Il ruolo dei coni nella percezione dei colori
I coni, cellule situate nella parte posteriore dell’occhio, svolgono un ruolo cruciale nella percezione dei colori. Esistono tre tipi di coni, ciascuno sensibile a una specifica lunghezza d’onda: rosso, verde e blu. Un malfunzionamento o l’assenza di questi coni porta a una forma di daltonismo.
Le forme di daltonismo
Il daltonismo rosso-verde è la forma più comune, risultante dall’assenza o dal cattivo funzionamento dei coni sensibili a queste lunghezze d’onda. Meno comune è il daltonismo blu-giallo, che riguarda i coni blu. I casi di cecità totale ai colori sono estremamente rari.

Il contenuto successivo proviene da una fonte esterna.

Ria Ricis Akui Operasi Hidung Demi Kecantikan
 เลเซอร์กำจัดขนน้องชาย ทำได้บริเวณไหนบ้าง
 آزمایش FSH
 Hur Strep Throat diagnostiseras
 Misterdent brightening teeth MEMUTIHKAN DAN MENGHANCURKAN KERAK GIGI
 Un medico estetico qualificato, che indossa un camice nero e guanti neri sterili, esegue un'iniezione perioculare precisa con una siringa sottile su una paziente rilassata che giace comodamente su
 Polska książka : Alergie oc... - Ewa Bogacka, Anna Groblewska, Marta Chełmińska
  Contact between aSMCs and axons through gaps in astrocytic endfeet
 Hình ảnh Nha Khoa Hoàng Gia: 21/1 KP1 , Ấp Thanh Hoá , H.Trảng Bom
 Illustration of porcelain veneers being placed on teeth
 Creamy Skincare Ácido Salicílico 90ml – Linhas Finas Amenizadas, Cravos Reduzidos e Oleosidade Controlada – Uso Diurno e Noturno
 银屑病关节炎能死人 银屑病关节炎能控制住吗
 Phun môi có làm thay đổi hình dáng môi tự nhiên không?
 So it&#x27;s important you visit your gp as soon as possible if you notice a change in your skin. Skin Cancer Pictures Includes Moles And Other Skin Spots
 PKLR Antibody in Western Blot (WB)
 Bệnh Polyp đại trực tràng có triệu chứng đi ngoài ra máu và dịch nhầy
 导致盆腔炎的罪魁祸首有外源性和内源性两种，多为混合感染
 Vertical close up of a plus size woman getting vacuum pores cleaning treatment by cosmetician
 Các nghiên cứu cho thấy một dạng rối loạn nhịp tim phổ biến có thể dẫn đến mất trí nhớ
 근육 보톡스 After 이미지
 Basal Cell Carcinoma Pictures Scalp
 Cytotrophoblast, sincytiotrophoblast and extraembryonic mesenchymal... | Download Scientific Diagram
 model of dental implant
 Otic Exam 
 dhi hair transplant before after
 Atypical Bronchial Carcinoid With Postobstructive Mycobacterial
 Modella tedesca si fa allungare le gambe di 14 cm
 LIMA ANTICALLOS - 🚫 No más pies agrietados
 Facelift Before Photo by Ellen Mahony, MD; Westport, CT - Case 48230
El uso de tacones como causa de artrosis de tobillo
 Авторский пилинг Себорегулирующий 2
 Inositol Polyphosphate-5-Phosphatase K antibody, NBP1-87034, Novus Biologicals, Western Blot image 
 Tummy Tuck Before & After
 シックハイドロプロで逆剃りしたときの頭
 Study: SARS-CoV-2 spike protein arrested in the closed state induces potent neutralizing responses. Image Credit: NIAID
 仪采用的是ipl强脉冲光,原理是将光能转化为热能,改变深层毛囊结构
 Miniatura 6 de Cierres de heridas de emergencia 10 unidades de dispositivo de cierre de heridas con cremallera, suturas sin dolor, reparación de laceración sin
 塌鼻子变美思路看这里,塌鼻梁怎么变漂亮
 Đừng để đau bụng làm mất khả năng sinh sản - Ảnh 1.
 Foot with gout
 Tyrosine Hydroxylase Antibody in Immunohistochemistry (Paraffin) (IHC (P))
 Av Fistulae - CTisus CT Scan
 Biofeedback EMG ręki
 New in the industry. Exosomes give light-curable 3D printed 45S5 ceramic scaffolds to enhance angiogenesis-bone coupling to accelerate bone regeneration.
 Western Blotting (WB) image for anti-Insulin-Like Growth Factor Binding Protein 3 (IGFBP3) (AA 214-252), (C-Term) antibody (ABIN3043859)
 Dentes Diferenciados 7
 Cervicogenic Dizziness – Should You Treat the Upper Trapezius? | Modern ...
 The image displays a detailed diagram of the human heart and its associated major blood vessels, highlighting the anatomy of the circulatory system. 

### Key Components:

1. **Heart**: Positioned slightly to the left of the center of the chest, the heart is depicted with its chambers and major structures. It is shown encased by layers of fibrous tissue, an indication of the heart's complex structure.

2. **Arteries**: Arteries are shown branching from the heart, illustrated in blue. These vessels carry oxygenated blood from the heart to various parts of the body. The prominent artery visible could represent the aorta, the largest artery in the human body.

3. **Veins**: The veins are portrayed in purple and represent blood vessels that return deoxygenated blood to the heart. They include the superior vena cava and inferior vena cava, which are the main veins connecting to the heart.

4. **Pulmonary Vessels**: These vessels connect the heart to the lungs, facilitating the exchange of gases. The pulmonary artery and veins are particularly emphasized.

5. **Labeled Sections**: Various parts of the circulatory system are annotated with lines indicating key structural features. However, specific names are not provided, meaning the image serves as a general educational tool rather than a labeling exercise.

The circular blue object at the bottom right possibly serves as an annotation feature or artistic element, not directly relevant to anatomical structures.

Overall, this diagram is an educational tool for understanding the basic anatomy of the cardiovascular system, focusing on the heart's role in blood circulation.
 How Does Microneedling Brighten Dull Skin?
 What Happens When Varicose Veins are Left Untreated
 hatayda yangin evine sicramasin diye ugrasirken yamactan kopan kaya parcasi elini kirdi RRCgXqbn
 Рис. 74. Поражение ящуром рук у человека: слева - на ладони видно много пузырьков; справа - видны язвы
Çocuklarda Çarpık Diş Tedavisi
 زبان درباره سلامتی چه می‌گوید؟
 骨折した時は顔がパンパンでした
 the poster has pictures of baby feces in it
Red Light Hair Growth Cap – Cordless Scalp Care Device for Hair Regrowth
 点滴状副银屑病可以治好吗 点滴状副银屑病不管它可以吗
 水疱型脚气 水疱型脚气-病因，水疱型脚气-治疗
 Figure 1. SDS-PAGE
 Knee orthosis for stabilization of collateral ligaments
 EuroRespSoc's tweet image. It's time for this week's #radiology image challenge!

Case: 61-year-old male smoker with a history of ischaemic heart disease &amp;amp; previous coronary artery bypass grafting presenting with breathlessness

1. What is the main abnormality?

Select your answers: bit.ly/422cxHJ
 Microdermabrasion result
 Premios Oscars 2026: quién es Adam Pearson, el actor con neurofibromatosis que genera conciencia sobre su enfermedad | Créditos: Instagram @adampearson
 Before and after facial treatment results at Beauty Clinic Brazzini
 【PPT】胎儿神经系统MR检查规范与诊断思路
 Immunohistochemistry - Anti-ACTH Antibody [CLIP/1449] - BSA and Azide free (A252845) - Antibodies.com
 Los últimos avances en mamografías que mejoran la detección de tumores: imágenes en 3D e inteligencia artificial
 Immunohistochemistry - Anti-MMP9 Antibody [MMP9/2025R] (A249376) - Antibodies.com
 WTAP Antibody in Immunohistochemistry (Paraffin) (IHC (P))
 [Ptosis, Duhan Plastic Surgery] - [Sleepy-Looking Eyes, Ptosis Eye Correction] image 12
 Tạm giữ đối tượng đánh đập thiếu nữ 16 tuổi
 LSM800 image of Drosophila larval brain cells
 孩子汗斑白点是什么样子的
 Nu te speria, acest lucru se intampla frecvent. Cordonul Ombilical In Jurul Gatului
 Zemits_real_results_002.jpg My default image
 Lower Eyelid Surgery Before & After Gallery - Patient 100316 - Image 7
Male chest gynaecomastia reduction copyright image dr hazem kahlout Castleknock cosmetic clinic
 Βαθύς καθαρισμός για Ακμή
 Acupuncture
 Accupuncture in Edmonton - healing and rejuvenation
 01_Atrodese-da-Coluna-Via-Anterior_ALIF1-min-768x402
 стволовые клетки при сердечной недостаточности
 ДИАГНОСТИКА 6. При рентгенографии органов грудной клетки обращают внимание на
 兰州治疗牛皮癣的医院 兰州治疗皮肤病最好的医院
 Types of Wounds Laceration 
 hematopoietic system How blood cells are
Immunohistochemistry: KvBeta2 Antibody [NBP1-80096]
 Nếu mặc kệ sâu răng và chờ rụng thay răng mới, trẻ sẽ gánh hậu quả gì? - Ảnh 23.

La genetica dietro il daltonismo
La predominanza maschile del daltonismo si spiega con la genetica. I geni responsabili delle proteine sensibili alla luce nei coni si trovano sul cromosoma X. Gli uomini, avendo un solo cromosoma X, non dispongono di una copia di riserva in caso di mutazione.
Le donne, con due cromosomi X, spesso beneficiano di una copia funzionale che compensa una possibile mutazione. Questo riduce notevolmente il loro rischio di daltonismo, sebbene possano trasmettere i geni difettosi.
Propettive future: terapie geniche
Ricerche promettenti stanno esplorando terapie geniche per ripristinare la visione dei colori. Utilizzando virus innocui per introdurre geni funzionali, queste metodologie hanno già mostrato risultati incoraggianti negli animali.